■ **Dataset section**
↓↓↓
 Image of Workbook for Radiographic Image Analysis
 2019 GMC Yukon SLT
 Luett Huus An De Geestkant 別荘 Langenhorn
↑↑↑
■ **Work task**
Please return every line of the listing exactly.

■ **Answer to the problem**
 Image of Workbook for Radiographic Image Analysis
 2019 GMC Yukon SLT
 Luett Huus An De Geestkant 別荘 Langenhorn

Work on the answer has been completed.